Bartlet leant forward, no longer worried about silencing Sam, "And where is that, Sam?"
"Confused mostly, scared constantly, doubting everything."
"Did you come back to work too soon? Would some time away help?"
"I don't think so. I like to be here, circumnavigating the Oval Office." Sam smiled sheepishly. "Maybe I've been trying too hard to get back to normal when what I should have been doing is working on how to cope with moving on? It helped to hear what it was like for you all. Nobody will tell me what they went through, but I need to know because then I don't picture you all sitting round drinking coffee casually deciding not to cancel the Colombian Dinner."
"You don't think that do you!"
"No, that's my irrational internal dialogue, you got that right, with the rational and irrational internal dialogue thing?"
"Yeah, Sam, I got that." Bartlet smiled, shook his head and took Sam's empty glass to be refilled.
They sat in silence for a while but this time it was a comfortable silence. After a while, Sam talked a little more about his feelings and Bartlet listened. By the time the glasses were being filled for a third time, Sam had agreed to a month's paid leave, arrangements to speak to a psychiatrist friend of Abbey's and to come back to his normal role when he did return to work. By the time the First Lady returned from a private function, Sam was telling Bartlet that at the Great Falls in Montana more Golden Eagles had been seen in a single day than anywhere else in the country and he was replying with the fact that Montana has the largest migratory elk herd in the nation.

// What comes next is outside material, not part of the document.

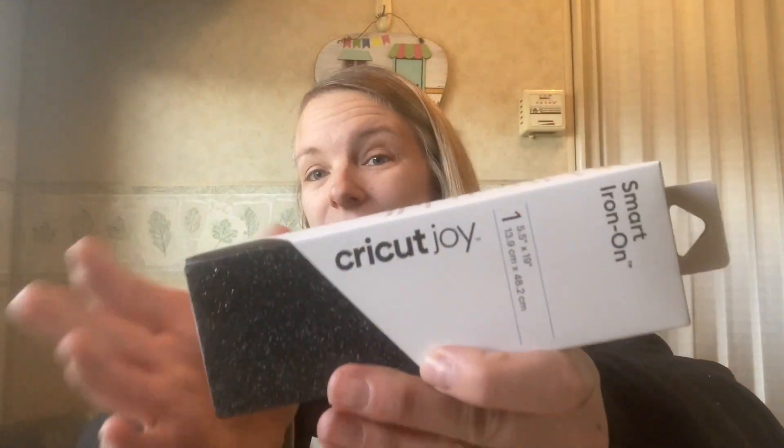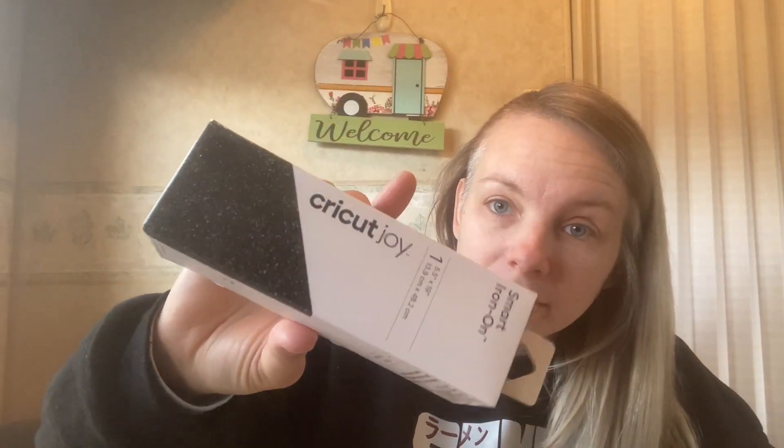Let's get into what I bought and then we'll get into what I'm working on. Starting with in-store stuff — yesterday my friend Jess and I went to Target because they were having Cricut sales, but by the time we got there there really wasn't all that much left. I did get one thing, specifically for the Cricut Joy. They didn't have any in the big rolls, so this is a smart iron-on vinyl for shirts and fabrics, and I got it in black glitter.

"Is this a private geek party or can anyone join in?" Abby asked as she threw her wrap onto a chair and walked over to the two men. She had known of the plan to get Sam and her husband together and was secretly relieved to find Sam sitting in the living room. She kissed Bartlet and then Sam. "Show me your hand," she instructed, suddenly in doctor mode. She studied Sam's fingers carefully and patted his hand before letting go. "They did a good job."
"They did," Sam agreed, pleased with himself at the thought that a couple of weeks ago he would have broken out in a cold sweat if anyone looked that closely at his damaged hand. She kissed her husband again, said goodnight and left them to it.
"Montana has the largest grizzly bear population in the lower 48 states," Sam said as he took a slow sip of his drink.
"Yeah, but I'm not going to let you have that one."
"Why not? It's trivia, it's about Montana!"
"It's grizzly bear trivia more than Montana trivia," Bartlet explained.
"Well in that case I'm taking the migratory elk one off your score then because they were just passing through."
Bartlet frowned. "The bitterroot is the official state flower."
"Montana's name comes from the Spanish word, mountain."
Abbey listened for a while to the two voices. Smiling at the fact that they truly were having a geek party, smiling at the fact they were talking at all.